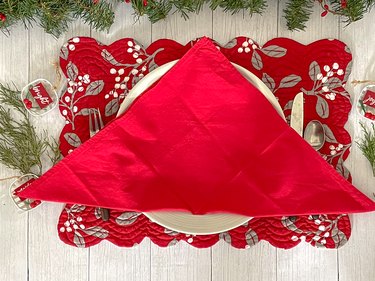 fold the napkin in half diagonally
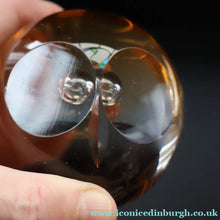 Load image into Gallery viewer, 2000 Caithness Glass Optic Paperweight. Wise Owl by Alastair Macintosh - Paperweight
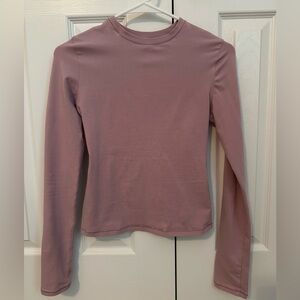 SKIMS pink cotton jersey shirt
================
(What the task asks) Print the material above once more, exactly. No pictures belong in it.

(Output for this exercise)
 fold the napkin in half diagonally
 Load image into Gallery viewer, 2000 Caithness Glass Optic Paperweight. Wise Owl by Alastair Macintosh - Paperweight
 SKIMS pink cotton jersey shirt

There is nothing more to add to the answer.